Lines with the word "Chicken" in them must be copied from the records below.

____

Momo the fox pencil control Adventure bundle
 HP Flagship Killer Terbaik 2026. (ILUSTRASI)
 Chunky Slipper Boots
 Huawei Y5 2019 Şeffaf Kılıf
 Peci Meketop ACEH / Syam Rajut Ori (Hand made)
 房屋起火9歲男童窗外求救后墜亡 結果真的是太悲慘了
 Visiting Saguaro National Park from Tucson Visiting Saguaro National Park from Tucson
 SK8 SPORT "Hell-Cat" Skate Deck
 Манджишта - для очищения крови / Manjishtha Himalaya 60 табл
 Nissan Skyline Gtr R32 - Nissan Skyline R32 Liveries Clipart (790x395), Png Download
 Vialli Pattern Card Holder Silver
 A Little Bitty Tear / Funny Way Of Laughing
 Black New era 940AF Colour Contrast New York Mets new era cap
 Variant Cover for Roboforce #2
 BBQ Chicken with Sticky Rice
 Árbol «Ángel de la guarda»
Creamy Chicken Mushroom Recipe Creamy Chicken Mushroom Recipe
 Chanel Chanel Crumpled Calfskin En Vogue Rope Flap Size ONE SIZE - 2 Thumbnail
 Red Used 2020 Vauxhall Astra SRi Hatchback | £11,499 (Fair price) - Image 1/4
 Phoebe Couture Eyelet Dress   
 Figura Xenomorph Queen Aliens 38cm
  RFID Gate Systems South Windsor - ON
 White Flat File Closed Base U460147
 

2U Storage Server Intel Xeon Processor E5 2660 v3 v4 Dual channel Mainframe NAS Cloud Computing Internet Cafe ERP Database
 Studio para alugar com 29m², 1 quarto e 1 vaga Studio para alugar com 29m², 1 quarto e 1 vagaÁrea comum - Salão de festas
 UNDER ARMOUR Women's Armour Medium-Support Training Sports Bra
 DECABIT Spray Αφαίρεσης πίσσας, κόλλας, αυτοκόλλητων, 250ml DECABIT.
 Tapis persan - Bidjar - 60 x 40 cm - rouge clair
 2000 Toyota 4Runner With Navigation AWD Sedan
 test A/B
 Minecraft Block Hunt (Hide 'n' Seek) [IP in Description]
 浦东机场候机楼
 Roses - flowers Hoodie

____

== Output for this task ==
 BBQ Chicken with Sticky Rice
Creamy Chicken Mushroom Recipe Creamy Chicken Mushroom Recipe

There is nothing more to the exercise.